Human space travel since the Apollo missions has been a massive disappointment. The promise of spaceplanes and nuclear rockets has vanished into the ether, the shuttle fleet has retired and humans haven’t returned to the Moon, let alone explored other worlds. The largest space project in history, the International Space Station, floats in low Earth orbit.
So will New Space Frontiers, by popular science writer Piers Bizony, one day look as quaint as the unfulfilled predictions of decades-past, with promises of bases on the Moon, space hotels and frequent trips to Mars? There’s every reason to say “no”. The twenty-first century has seen the beginning of a new era in human spaceflight. Companies such as Virgin Galactic, SpaceX, Orbital Sciences and Reaction Engines Ltd are making headway in a way never seen before.

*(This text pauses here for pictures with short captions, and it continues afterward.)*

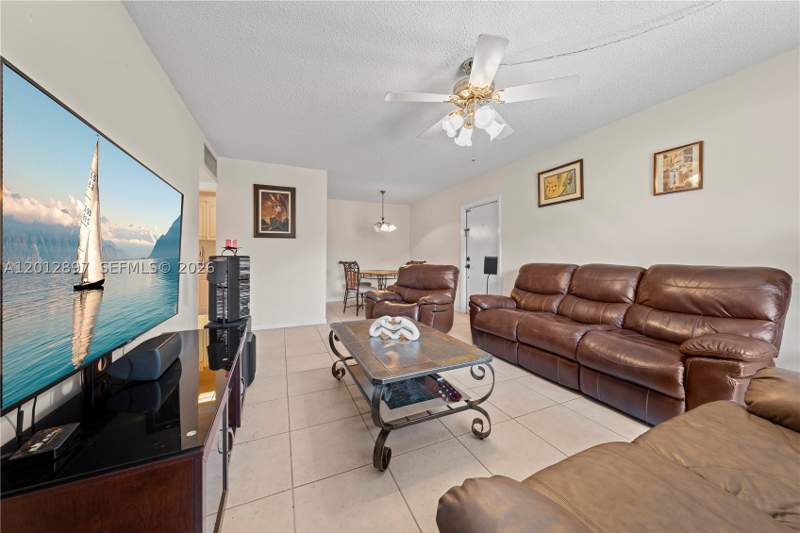 2 bedroom Condominium at 7829 Miller Dr B205, Lakewood Villas Condo, Miami — photo 2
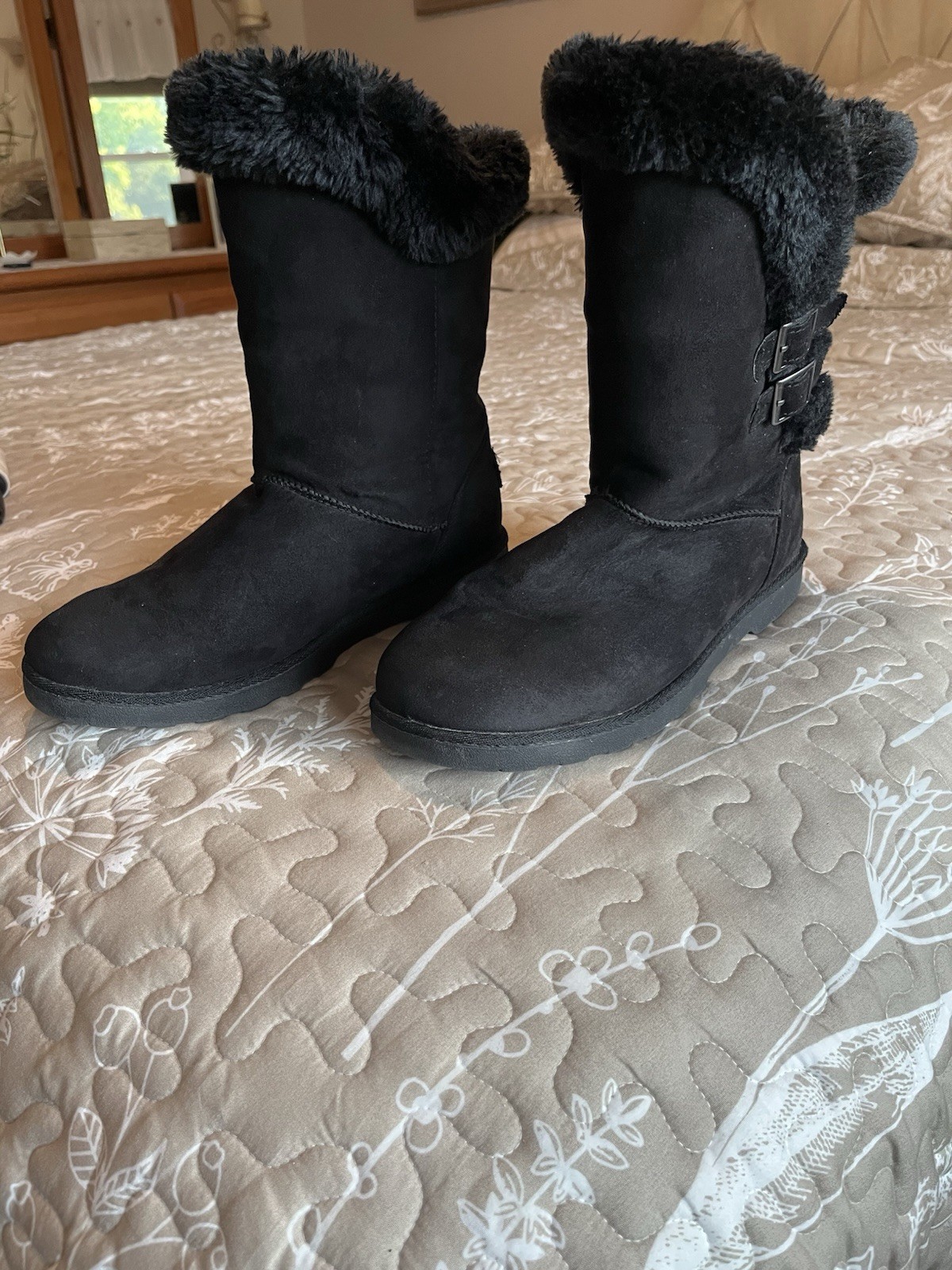 Women’s Midcalf Snow Boots Black Suede Outer Faux Fur In/ Trim Buckle 341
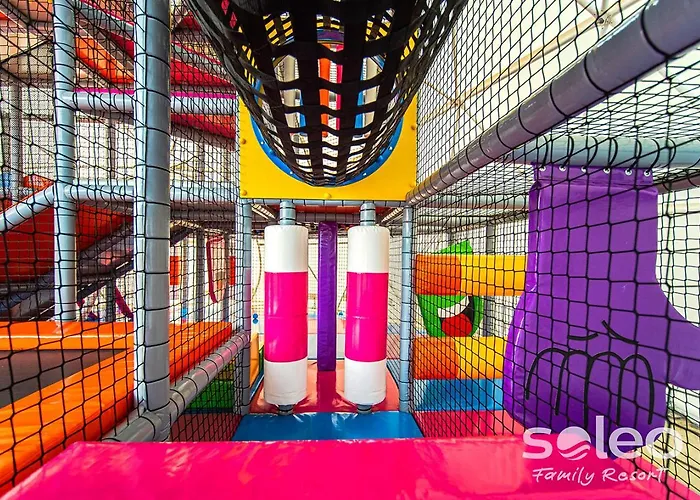 Prázdninový dům Soleo Family - W Rewalu 3 Min Od Morza - 3 Baseny, 5 Jacuzzi, Sauna, Animacje, Malpi Gaj, 3 Sale Zabaw, 4 Place Zabaw, 2 Restauracje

In this generously-sized book, Bizony gives the reader an insight into these companies and also into traditional space agencies and emerging space-faring nations such as China. The book is broken down into six chapters, starting with an escape from Earth and ending with interstellar travel, with lush images aplenty in the thick, glossy pages. Naturally, as the book goes on, the projects outlined become progressively more theoretical (such as Alcubierre space-warp drives). Even simply going to Mars throws up a lot of problems that, as the book shows, are yet to be solved.
Bizony successfully captures what is happening right now. The book’s range is broad, but it also gives enough detail to illustrate the challenges and reasons behind particular designs. Anyone interested in this new space age will get something from New Space Frontiers. It is ideal for young people, especially anyone thinking of a career related to space travel.